WHAT THE EXERCISE ASKS
Omit all pictures, and print word for word only the lines from the one containing "撸累了,养养眼,图片已打包,百度网盘 - 赚客大家" through the end of the data.
━━ DATA LISTING
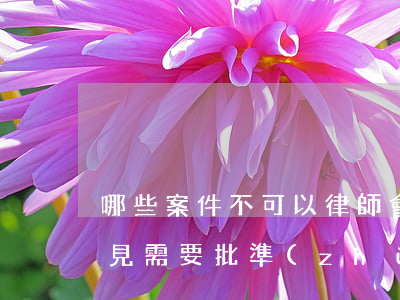 哪些案件不可以律師會見(哪幾類案件律師會見需要批準(zhǔn)?)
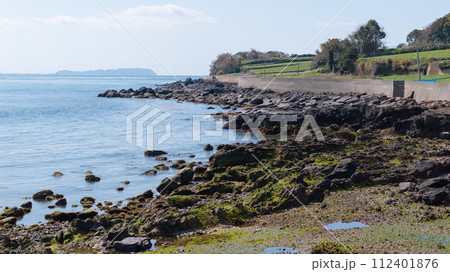 玄武岩　早崎半島 112401876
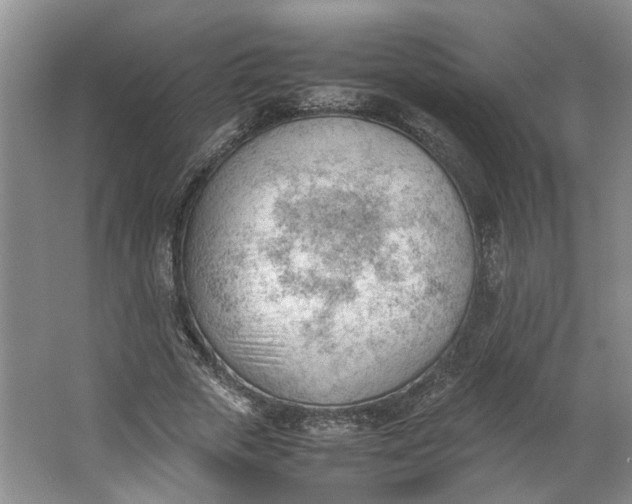 X0000062870729200601271555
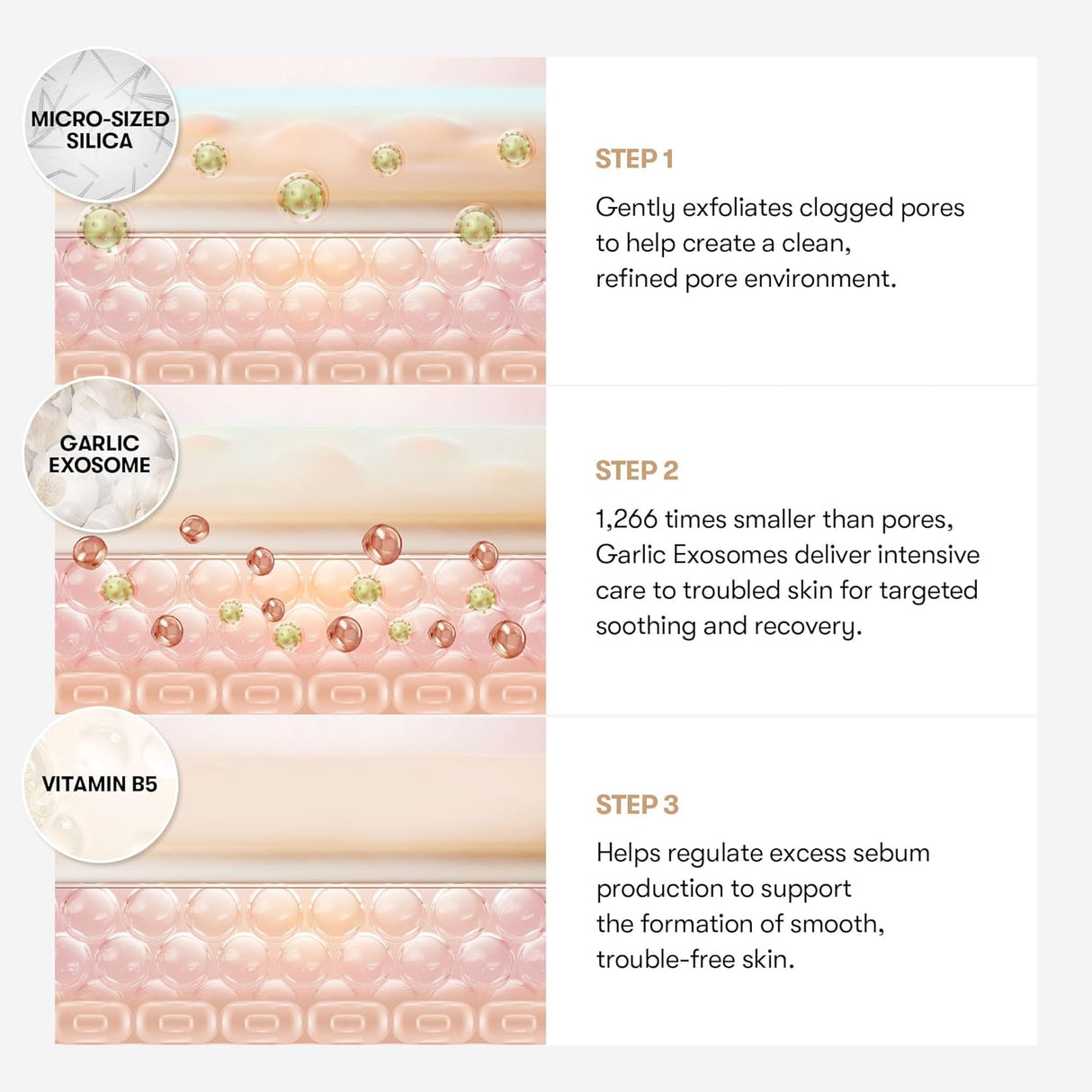 VT COSMETICS | Garlic AC Reedle Shot Gel Cream - 50ml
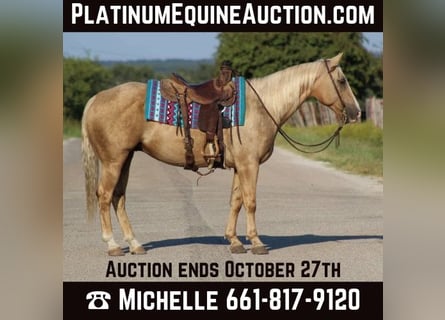 American Quarter Horse, Wallach, 10 Jahre, 152 cm, Palomino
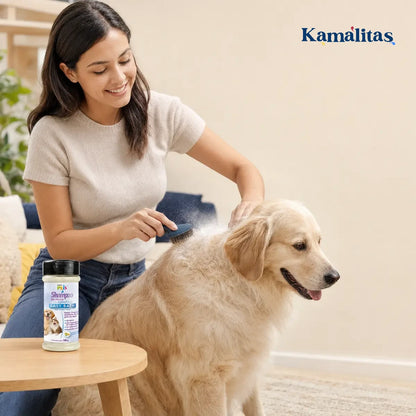 Aplicación de shampoo en polvo sobre el pelaje de un perro seguida de masaje y cepillado.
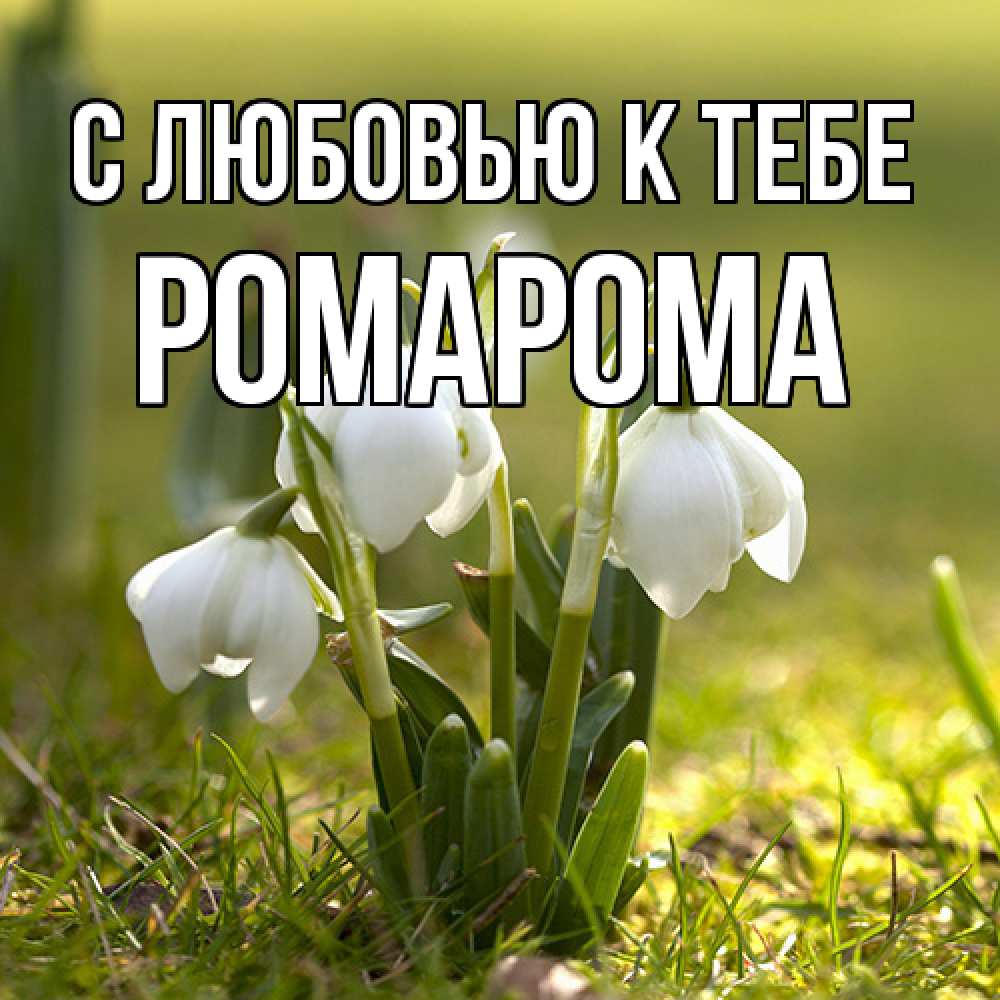 Открытка  с именем. РомаРома, С любовью к тебе  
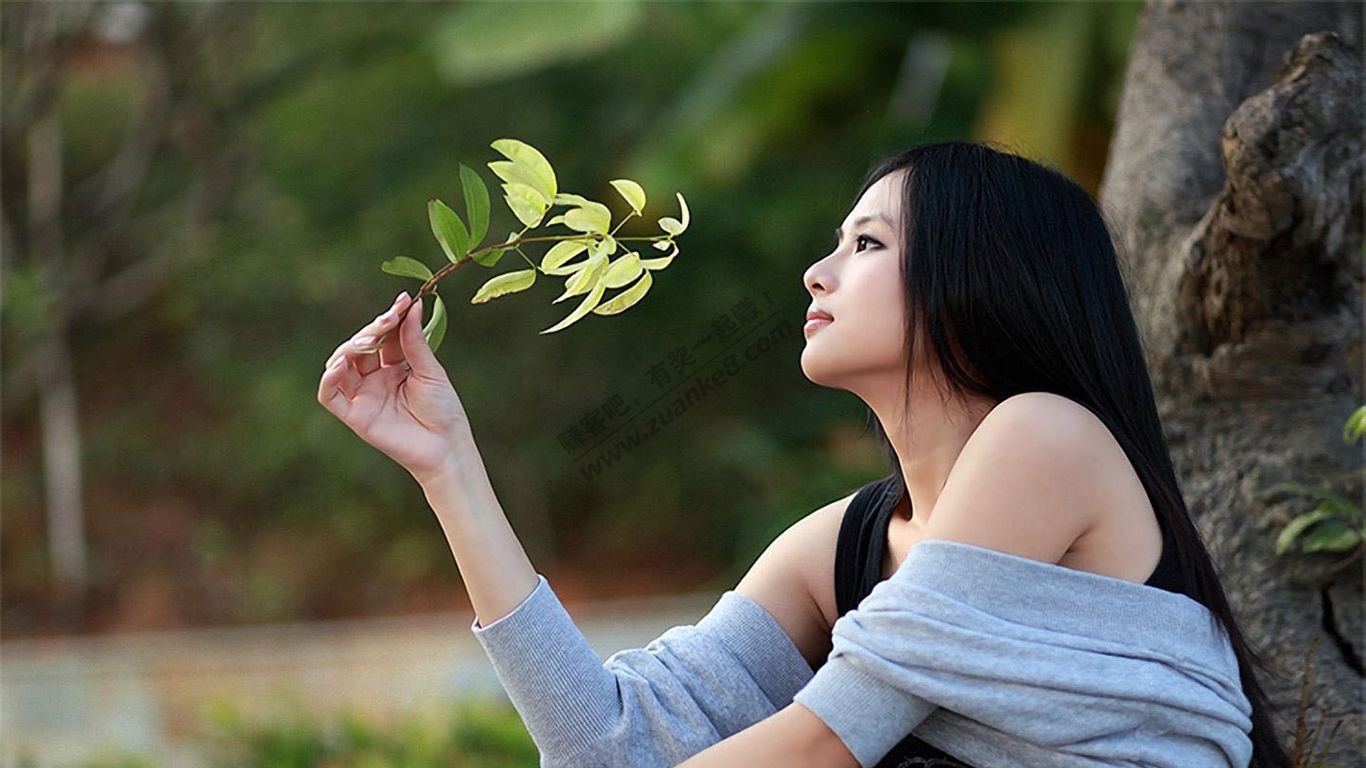 撸累了,养养眼,图片已打包,百度网盘 - 赚客大家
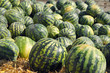 Watermelons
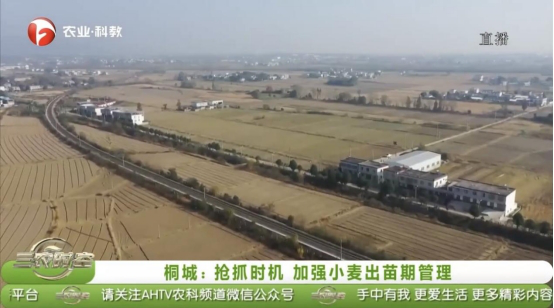 安徽衛(wèi)視農(nóng)業(yè)·科教頻道報(bào)道安徽農(nóng)墾集團(tuán)（桐城）農(nóng)業(yè)投資有限公司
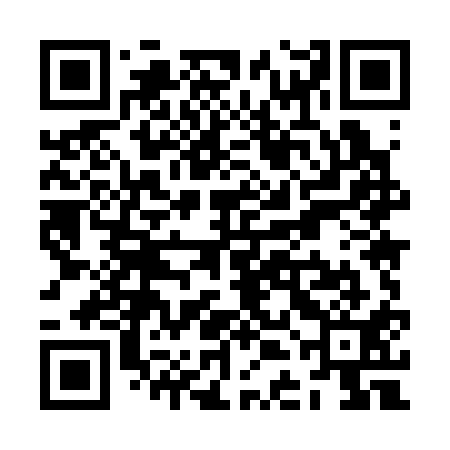 QR code for ZDM311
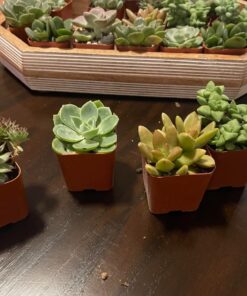 Succulents Plants Live (20PK) Potted Succulent Plants Live House Plants, Cactus Plants Live Plants Indoor Plants Live Houseplants, Indoor Plant Succulents Live Plant House Plant by Plants for Pets 20-PACK 66 71wM4uRIuL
━━━━
SOLVED EXERCISE
 撸累了,养养眼,图片已打包,百度网盘 - 赚客大家
 Watermelons
 安徽衛(wèi)視農(nóng)業(yè)·科教頻道報(bào)道安徽農(nóng)墾集團(tuán)（桐城）農(nóng)業(yè)投資有限公司
 QR code for ZDM311
 Succulents Plants Live (20PK) Potted Succulent Plants Live House Plants, Cactus Plants Live Plants Indoor Plants Live Houseplants, Indoor Plant Succulents Live Plant House Plant by Plants for Pets 20-PACK 66 71wM4uRIuL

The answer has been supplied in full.